American futurist, author, and speaker

Cathy Hackl is a Costa Rican-American futurist and author. Self-proclaimed the "Godmother of the Metaverse", she has researched and consulted on the metaverse, video games, Web3, and augmented reality. Hackl's firm conviction about the significance of the Metaverse has had to be tempered when metaverse products did not gain market traction in the global north, as predicted. The Metaverse however, remained popular in South Africa, Nigeria, and Egypt, as venture capital's investments have shifted to generative AI.

== Career ==
In 2017, Hackl began her career in the field of technology and the dissemination of augmented reality, at HTC Vive. She then joined the Magic Leap team, and by 2021, she had already launched her own business. She currently disseminates her findings and contributions in media outlets such as The Wall Street Journal, WIRED and Forbes.

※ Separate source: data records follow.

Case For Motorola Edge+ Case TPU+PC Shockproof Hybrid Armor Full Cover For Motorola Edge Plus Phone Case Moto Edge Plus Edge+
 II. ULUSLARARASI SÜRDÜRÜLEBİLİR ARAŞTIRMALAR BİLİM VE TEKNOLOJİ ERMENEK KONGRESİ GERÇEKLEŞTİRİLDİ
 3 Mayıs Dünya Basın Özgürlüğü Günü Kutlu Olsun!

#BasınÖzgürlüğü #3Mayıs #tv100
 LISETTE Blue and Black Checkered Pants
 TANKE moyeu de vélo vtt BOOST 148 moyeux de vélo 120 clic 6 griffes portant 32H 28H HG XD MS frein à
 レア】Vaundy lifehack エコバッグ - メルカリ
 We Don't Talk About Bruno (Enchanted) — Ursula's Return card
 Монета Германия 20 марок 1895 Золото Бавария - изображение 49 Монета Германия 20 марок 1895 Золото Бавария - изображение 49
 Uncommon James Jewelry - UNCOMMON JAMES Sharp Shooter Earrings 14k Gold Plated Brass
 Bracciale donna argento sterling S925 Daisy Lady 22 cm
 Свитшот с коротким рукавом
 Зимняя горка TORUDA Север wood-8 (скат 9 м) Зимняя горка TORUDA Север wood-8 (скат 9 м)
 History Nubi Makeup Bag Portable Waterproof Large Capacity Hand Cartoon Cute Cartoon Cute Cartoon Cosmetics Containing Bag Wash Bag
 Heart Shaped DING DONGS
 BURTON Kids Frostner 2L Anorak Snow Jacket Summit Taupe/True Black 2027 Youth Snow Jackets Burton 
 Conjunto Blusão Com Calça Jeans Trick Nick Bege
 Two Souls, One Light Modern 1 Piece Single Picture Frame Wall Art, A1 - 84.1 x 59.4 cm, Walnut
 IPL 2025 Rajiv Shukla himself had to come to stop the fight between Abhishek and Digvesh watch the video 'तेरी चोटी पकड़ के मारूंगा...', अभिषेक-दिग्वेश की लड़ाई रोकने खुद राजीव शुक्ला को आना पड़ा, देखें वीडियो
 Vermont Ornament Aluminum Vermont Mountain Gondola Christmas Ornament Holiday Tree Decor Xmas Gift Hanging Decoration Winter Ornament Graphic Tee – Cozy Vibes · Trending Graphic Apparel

She is currently the CEO of Futures Intelligence Group, a company dedicated to research and consulting for businesses such as Clinique and P&G on strategic topics related to non-fungible tokens, better known as NFTs, video games, and virtual fashion. In addition to research, Hackl disseminates metaverse topics through two podcasts: Adweek's Metaverse Marketing and Future Insiders, dedicated to marketing and web trends enthusiasts.

== Publications ==
- G. Wolfe, S., Hackl. C. 2017. Marketing New Realities: An Introduction to Virtual Reality & Augmented Reality Marketing, Branding & Communications
- Buzzell, J., Hackl, C. 2021. The Augmented Workforce: How AI, AR and 5G Will Impact Every Dollar You Make
- Hackl, C., Lueth, D., Di Bartolo, T. 2022. Navigating the Metaverse: A Guide to Limitless Possibilities in a Web 3.0 World, U.S. Wiley

===Noteworthy===
Hackl has the distinction of being the first physical and virtual person to ring NASDAQ's opening bell with her digital twin (physical and avatar form) on TV and open the financial markets.